When the application is deployed to a DPU, the operation of the PSP encryption protocol is entirely transparent to the Host. All the resources required to manage the PSP connections are physically located on the DPU.
When the application is deployed to the host, the operation of the PSP encryption protocol is the responsibility of the host, and resources are allocated from the host. However, the operation of the PSP encryption protocol is entirely transparent to any virtual machines and containers attached to the VF network devices.
The creation of PSP tunnel connections requires two-way communication between peers. Each "sender" must request a unique security parameters index (SPI) and encryption key from the intended "receiver". The receiver derives sequential SPIs and encryption keys using the hardware resources inside the BlueField or ConnectX device, which manages a secret pair of master keys to produce the SPIs and encryption keys.
One key architectural benefit of PSP over similar protocols (e.g., IPsec) is that the receiver does not incur any additional resource utilization whenever it creates a new SPI and encryption key. This is because the decryption key associated with the SPI is computed on the fly, based on the SPI and master key, for each received packet. This lack of requirement for additional context memory for each additional decryption rule is partly responsible for the ability of the PSP protocol to scale to many thousands of peers.
Startup vs. On-Demand Tunnel Creation
The default mode of operation is on-demand tunnel creation. That is, when a packet is received from the unsecured port for which the flow pipeline does not have an encryption rule, the packet misses to RSS, where the CPU must decide how to handle the packet. If the destination IP address in the packet belongs to a known peer’s virtual network, the CPU uses gRPC on the OOB network connection to attempt a key exchange with the peer. If the key exchange is successful and a new encryption flow is created successfully, then the packet is then resubmitted to the pipeline, where it is encrypted and sent just as any of the following packets having the same destination IP address.
The following diagram illustrates this sequence (the "Slow Path"), for Virtual Machine V1 which intends to send a packet to Virtual Machine V2. In this case, V1 is hosted on physical host H1 and V2 on physical host H2. The first packet sent (1) results in a miss (2), so the packet is retained (3) while the keys are exchanged in both directions (4-8). Then the pipeline is updated (9) and the original packet is resubmitted (10). From there, the packet follows the same logic as the fast path, below.
Once the tunnel is established, and packets received from the VF (1) match a rule (2) and are encrypted and sent (3-4) without any intervention from the CPU ("Fast Path").
In the case of on-startup tunnel creation, the application's main thread repeatedly attempts to perform the key exchange for each of the peers specified on the command line until the list is completed.

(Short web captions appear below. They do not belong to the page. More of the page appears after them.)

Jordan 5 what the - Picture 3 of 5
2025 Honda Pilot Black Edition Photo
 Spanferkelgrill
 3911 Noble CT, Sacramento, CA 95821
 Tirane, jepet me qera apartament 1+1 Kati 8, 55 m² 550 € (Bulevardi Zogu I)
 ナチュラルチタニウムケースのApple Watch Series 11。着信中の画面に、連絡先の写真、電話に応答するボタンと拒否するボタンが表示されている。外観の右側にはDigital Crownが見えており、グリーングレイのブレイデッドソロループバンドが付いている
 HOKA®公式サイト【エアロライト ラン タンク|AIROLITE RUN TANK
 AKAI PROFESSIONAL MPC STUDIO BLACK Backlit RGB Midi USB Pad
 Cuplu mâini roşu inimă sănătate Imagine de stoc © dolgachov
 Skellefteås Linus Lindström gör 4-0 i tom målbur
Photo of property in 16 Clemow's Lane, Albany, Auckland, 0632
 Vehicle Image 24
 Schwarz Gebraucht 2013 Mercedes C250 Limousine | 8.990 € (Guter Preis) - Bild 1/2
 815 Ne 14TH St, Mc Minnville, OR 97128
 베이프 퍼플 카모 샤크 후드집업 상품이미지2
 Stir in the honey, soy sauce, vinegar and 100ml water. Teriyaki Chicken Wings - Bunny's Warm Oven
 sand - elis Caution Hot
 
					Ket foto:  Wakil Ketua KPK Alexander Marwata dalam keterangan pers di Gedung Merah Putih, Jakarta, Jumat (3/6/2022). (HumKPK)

Each peer is connected only once and, if a connection to one peer fails, the loop continues onto the next peer and retries the failed connection after all the others have been attempted.
Sampling
The PSP gateway application supports the sample-at-receiver (S) bit in the PSP header. If sampling is enabled, then packets marked with the S bit are mirrored to the RSS queues and logged to the console. In addition, on transmit, a random subset of packets (1 out of 2^N for command-line parameter N) will have the S bit set to 1, and those packets will also be mirrored to RSS.
Sampling packets on transmit is currently supported only following encryption. Sampling of egress packets before encryption will be supported in a future release.
Pipelines
Host-to-Network Flows
Traffic sent from the local, unsecured port (host-to-net) without sampling enabled travels through the pipeline as shown in the diagrams that follow. Note that the Ingress Root Pipe is the first destination for packets arriving from either the VF or the secured uplink port. However, the Egress ACL pipe is the first destination for packets sent via tx_burst on the PF (in the switch model's expert mode).
The Empty Pipe is a vestigial transition from the Default Domain, in which the Ingress Root Pipe is created, to the Secure Egress Domain, where the Egress ACL pipe performs encryption.
This pipe may be removed in a future release.
If sampling is enabled, the host-to-net pipeline is modified as shown in the following:
Here, an Egress Sampling Pipe is added between the Egress ACL Pipe and the Secured Port. It performs a match of the random metadata, masked according to command-line parameters, and then:
On match, the following actions occur:
Packet modifications:
The S bit in the PSP header is set to true.
The pkt_meta field is set to a sentinel value to indicate to CPU software why the packet was sent to RSS.
The original packet is forwarded to RSS.
The mirror action forwards the packet to the secured port.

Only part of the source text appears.